АДМИРАЛ НЕЛЬСОН И МЛАДШИЙ ЛЕЙТЕНАНТ ДЕЙСТВИТЕЛЬНОЙ СЛУЖБЫ

Пока ”Ромео и Джульетта” доживали свою последнюю неделю, театральная катастрофа, поразившая Оливье, стала казаться ничтожной по сравнению с мировыми трагедиями более грандиозного масштаба. Американский посол в Лондоне Джозеф Кеннеди заявил, будто Англия выдохлась и терпит поражение, на что Черчилль в скором времени прорычал в ответ: ”Мы будем сражаться на берегах моря, мы будем сражаться на взлетных полосах, мы будем сражаться в полях, мы будет сражаться в горах, мы не сдадимся никогда”.

Стоял июнь 1940 года. ”Липовая война” кончилась месяц назад. Пали Бельгия и Нидерланды; Франция была уже на волосок от поражения. Всякий день приносил ужасные известия, и, когда захват Великобритании казался неизбежным, Оливье решил, что в битве за независимость потребуется участие каждого дееспособного англичанина. Было объявлено, что они с мисс Ли отплывут на родину первым же кораблем после того, как в последний раз выступят 8 июня в ”Ромео и Джульетте”. По словам Оливье, они предложили свои услуги министерству информации и были извещены о том, что их предложение принято.

Это заявление оказалось преждевременным. В числе других британских подданных старше тридцати одного года Оливье получил от посольства указание оставаться в Соединенных Штатах до получения дальнейших инструкций. Засим последовала телеграмма от лорда Норвича (тогда м-ра Даффа Купера, министра информации и личного друга Оливье), где в несколько загадочной форме тот советовал ему подождать, пока будет решено, как наилучшим образом использовать Оливье в военных интересах. Наконец, его окончательно доконал ответ Ричардсона относительно перспектив совместной службы в морской авиации. Приятель считал, что шансов у Оливье нет. Возрастной ценз для неподготовленных летчиков составлял двадцать восемь лет, хотя лица, имеющие летный опыт, принимались и в старшем возрасте. Оливье было тридцать три. В нетерпении он учился летать. Затем косвенным путем он узнал, на какую службу прочил его Дафф Купер. Прибывший в Нью-Йорк Александр Корда рассказал, что собирается работать в Голливуде над фильмами с сильным пропагандистским уклоном. Согласен ли Оливье сотрудничать с ним?

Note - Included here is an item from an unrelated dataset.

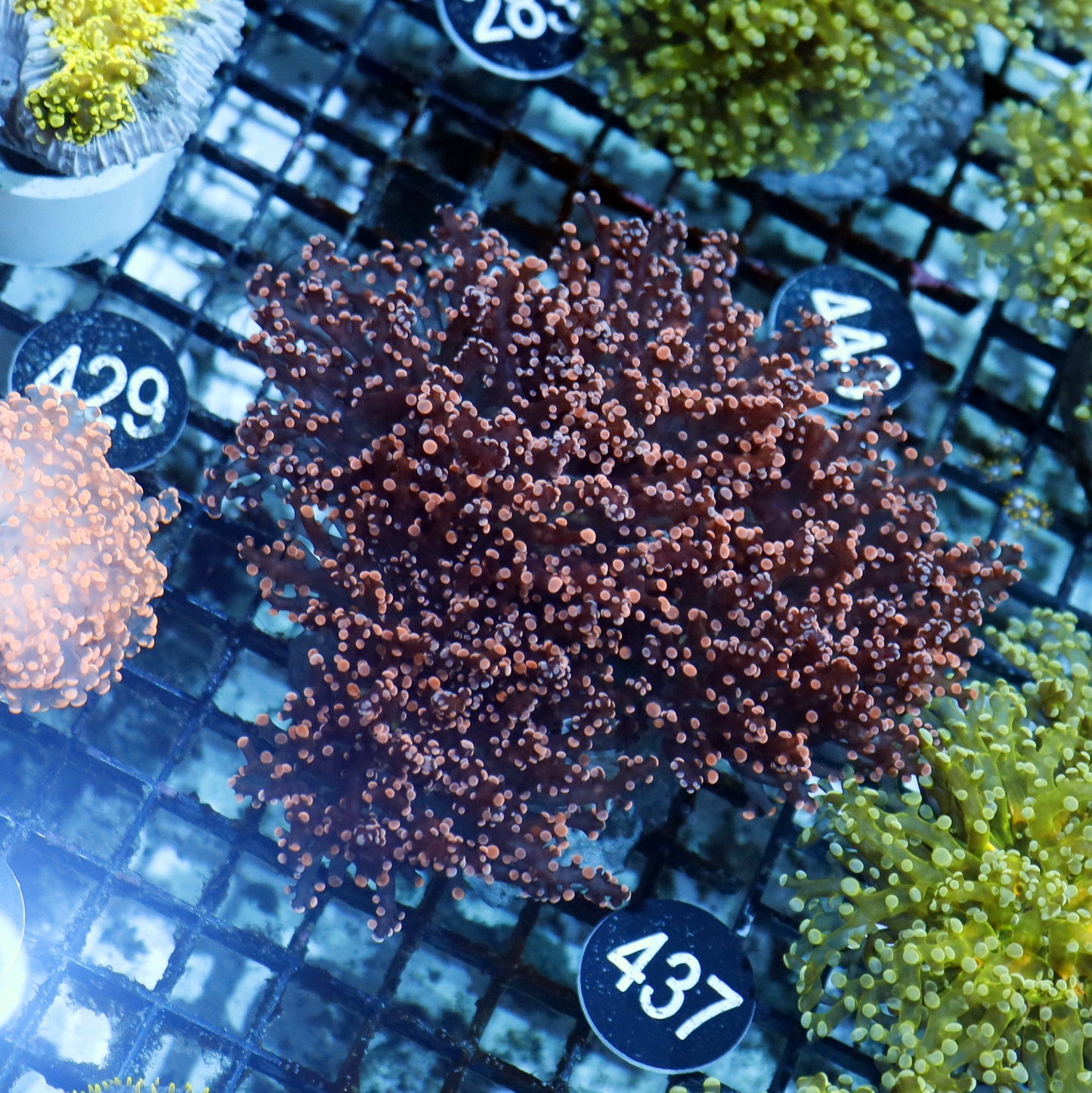 Frogspawn Octopus branching orange BK437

Корду многократно порицали за то, что он покинул Англию в момент, когда война разгорелась вовсю. Однако хулители заблуждались относительно мотивов его поведения, не понимая, как много значило его присутствие в Голливуде. Здесь можно было делать картины пропагандистского толка, которым гарантировался куда более широкий прокат. Здесь можно было установить полезные связи с венгерскими эмигрантами-антифашистами; кроме того, Корда обладал достаточным авторитетом и силой убеждения, чтобы заручиться для своих крайне пробританских лент поддержкой многих американских кинозвезд. Все это оценили по заслугам в 1942 году, когда фашисты занесли Корду в черный, а англичане — в наградной список (на получение дворянского звания). Только после двадцати восьми небезопасных для жизни трансатлантических путешествий, многие из которых пришлось совершать в бомбардировщиках, он наконец возвратился в Англию навсегда.

Однако в 1940 году предвидеть роль Корды было не так легко, и на его предложение Оливье с мисс Ли ответили, что не испытывают никакого желания оставаться в Америке. Через несколько недель он вновь обратился к ним, позвонив в Нью-Йорк из Лос-Анджелеса. Корда сообщил, что нашел для них идеальный сюжет, глубоко трогательный и вместе с тем глубоко патриотический, — историю Нельсона и Эммы Гамильтон. Вивьен отнеслась к подобной теме скептически, Оливье по-прежнему вел разговоры о возвращении домой. Но, будучи отменным дипломатом, Корда продолжал добиваться своего. Он обещал снять фильм с максимальной скоростью, недель за шесть. Он подчеркивал, что, потеряв все свои сбережения, они получают уникальную — и, вероятно, последнюю — возможность заработать деньги на лежащее впереди смутное время и на эвакуацию в Америку детей от предыдущих браков. Последний довод их убедил.